Разделяя теоретические заблуждения и дореволюционного, и послеоктябрьского футуризма, Маяковский – поэт революционных предчувствий, – как огромный утес над цепью холмов, возвышался над духовной средой своих единомышленников. Каков же лирический герой Маяковского? Лучше всего он представлен в первом самостоятельном сборнике Маяковского, который вышел в 1913 г. и состоял из четырех стихотворений. Сборник назывался “Я!”. Его считают самиздатовским шедевром. Маяковский принес типографскую бумагу, а его друзья Василий Чекрыгин и Леонид Жегин оформили сборник. Стихи написали литографическими чернилами под диктовку поэта, сделали четыре рисунка. На обложке, кроме имени поэта и названия сборника, изобразили темное пятно, которое, по замыслу, должно было изображать галстук-бабочку Маяковского. Итак, книга называлась “Я!”. Это не случайно. Лирический герой Маяковского – прежде всего Маяковский. Читая Маяковского, прежде чем задаваться вопросом “что сказано? “, всегда нужно понять, “зачем сказано?”. В своих стихотворениях Маяковский предстает как новый мессия, проникнутый любовью и состраданием к миру, находящемуся на грани катастрофы: Это душа моя клочьями порванной тучи в выжженном небе на ржавом кресте колокольни!
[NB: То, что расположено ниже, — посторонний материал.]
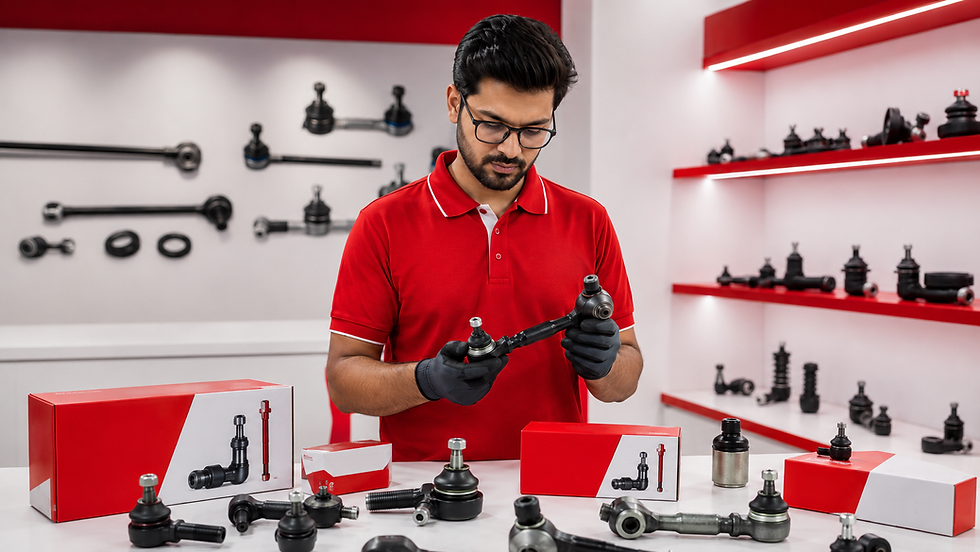 Automotive Parts Manufacturers in Chandigarh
Наиболее удачные с его точки зрения строки Маяковский ставил в конце произведения. Они почти афористичны:

Я одинок, как последний глаз у идущего к слепым человека.

Б. Пастернак писал: “Я очень любил раннюю лирику Маяковского. На фоне тогдашнего паясничанья ее серьезность, тяжелая, грозная, жалующаяся, была так необычна. Это была поэзия мастерски вылепленная, горделивая, демоническая и в то же время безмерно обреченная, гибнущая, почти зовущая на помощь:

Время! Хоть ты, хромой богомаз, лик намалюй мой в божницу уродца века! Я одинок, как последний глаз у идущего к слепым человека!

Время послушалось и сделало, о чем он просил. Лик его вписан в божницу века. Но “каким даром надо было обладать, чтобы это увидеть и угадать!” . Маяковский создал новое поэтическое “я”. “Я” поэта – это не только он сам. Это – мы. Поэтическое “я” Маяковского грандиозно, оно вмещает в себя весь мир и ответственно за него, это центр мира. В произведениях Маяковского действие происходит на площадях, на улицах, и даже во всей вселенной.

М. Цветаева называла его “первым в мире поэтом масс”. Таким образом, Маяковский – создатель нового лирического героя. “Я” поэта – бунтарь, выразитель масс, взявший на себя тяжелую ношу спасения человечества, любящий и ненавидящий, страдающий от одиночества и непонятости.